Python-native data transformations for Snowflake.

Define your pipelines as Python files. Clair compiles them to SQL, builds a DAG, and runs them against Snowflake in dependency order — with data quality tests, incremental strategies, and structured logging out of the box.


Why clair?

SQL-only tools make it hard to express dependencies clearly. With clair, each table or view is a Python file that references its upstreams by import.

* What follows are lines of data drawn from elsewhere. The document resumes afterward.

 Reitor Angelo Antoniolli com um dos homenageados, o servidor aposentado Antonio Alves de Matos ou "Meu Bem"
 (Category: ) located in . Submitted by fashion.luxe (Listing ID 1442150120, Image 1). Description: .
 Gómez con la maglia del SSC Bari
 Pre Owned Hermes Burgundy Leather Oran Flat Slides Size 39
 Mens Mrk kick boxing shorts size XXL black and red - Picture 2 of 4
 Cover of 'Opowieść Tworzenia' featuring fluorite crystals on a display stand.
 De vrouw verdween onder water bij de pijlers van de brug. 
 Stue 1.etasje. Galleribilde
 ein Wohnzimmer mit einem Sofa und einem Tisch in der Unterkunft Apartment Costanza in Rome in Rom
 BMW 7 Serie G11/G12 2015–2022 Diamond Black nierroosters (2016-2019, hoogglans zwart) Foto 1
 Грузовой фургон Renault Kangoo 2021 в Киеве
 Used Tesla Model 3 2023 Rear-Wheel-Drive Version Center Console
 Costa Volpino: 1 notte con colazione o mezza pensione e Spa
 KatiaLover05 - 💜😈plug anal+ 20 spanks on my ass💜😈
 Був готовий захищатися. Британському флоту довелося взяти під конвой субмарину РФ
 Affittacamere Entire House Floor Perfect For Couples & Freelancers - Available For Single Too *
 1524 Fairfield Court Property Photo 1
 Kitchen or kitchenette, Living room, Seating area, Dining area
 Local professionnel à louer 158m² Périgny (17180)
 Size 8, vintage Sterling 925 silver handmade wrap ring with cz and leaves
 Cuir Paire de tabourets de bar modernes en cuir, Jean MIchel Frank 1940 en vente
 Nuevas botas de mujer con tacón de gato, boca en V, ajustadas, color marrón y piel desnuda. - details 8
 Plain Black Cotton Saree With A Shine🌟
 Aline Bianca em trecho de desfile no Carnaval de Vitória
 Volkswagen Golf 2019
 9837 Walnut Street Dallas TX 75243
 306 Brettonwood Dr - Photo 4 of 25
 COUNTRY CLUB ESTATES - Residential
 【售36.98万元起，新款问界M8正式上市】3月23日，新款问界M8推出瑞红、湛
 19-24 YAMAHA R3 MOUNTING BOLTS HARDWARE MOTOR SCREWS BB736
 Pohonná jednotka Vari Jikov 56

And if SQL isn't the right tool — write pandas instead:

from clair import Trouve
from refined.products.catalog import trouve as catalog
from refined.products.reviews import trouve as reviews

trouve = Trouve(
    sql=f"""
        SELECT
            c.product_id,
            c.name,
            avg(r.rating)  AS avg_rating,
            count(*)       AS review_count
        FROM {catalog} c
        JOIN {reviews} r ON c.product_id = r.product_id
        GROUP BY 1, 2
    """,
)

Import the upstream, use it in the f-string — clair figures out the rest.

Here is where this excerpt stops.